Se esiste la giustezza cinematografica dell’adattamento, intesa come corretta proporzione tra exploitation di un marchio e rispetto delle peculiarità del medium, i realizzatori di Sonic, al terzo tentativo, potrebbero averla centrata. La saga dell’alieno più veloce di Bolt, cooptata da Sega Mega Drive al grande schermo con risultati tutto sommato gradevoli nel primo, discutibili nel secondo, decisamente positivi in questo terzo, e per ora ultimo, atto (ma ben due scene extra nei titoli di coda annunciano l’ineluttabile proseguo), procede spedita al passo del suo riccio azzurro.

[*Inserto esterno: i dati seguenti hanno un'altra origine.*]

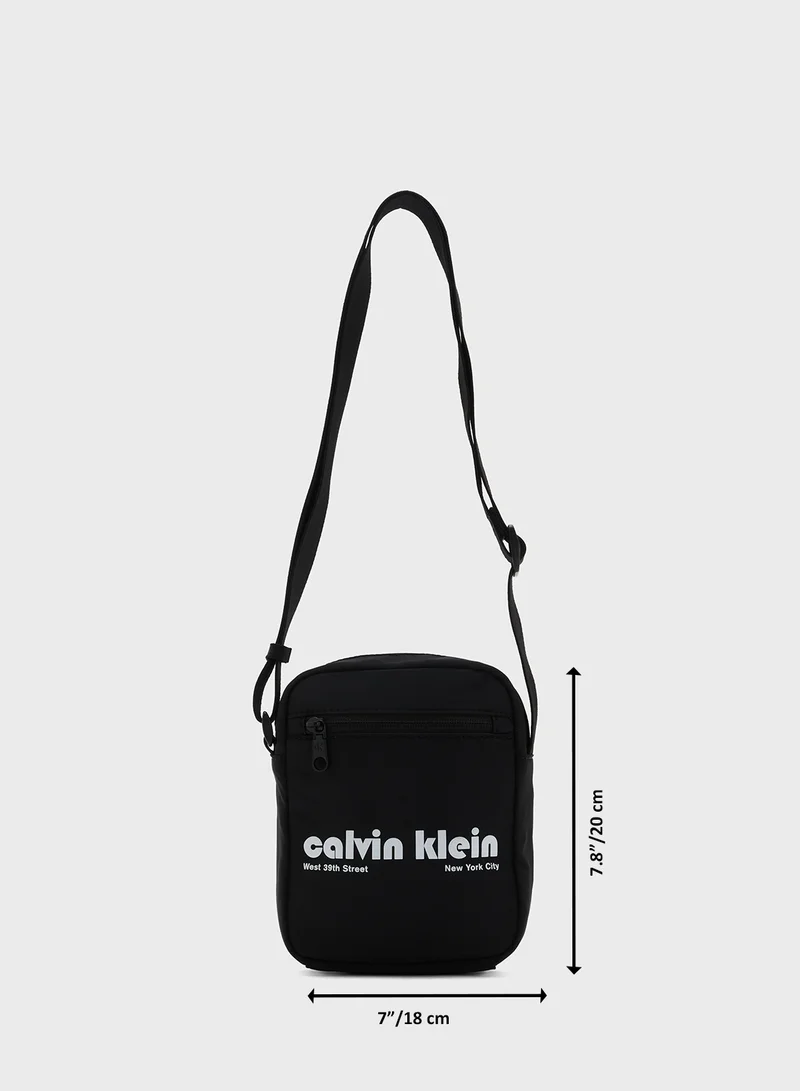 Calvin Klein Jeans Graphic Reporter Bag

Con Jeff Fowler al timone, uno che aveva lavorato nel 2005 alle animazioni del gioco “Shadow The Hedgehog”, la continuità tra arcade e film è assicurata, a beneficio dei fan del primo e degli spettatori del secondo. Rispetto alle due precedenti sortite cinematografiche, Sonic 3 circoscrive la presenza dei due co-protagonsiti umani, lo sceriffo Tom Wachowski (James Marsden) e sua moglie Maddie (Tika Sumpter), “genitori adottivi”, riservando molto più spazio all’alieno, anzi agli “alieni” – con Sonic (doppiato in originale da Ben Schwartz) ritroviamo anche Tails (Colleen O'Shaughnessey) e Knuckles (Idris Elba) – e alle loro avventure, accogliendo in parte una richiesta dei patiti del videogioco.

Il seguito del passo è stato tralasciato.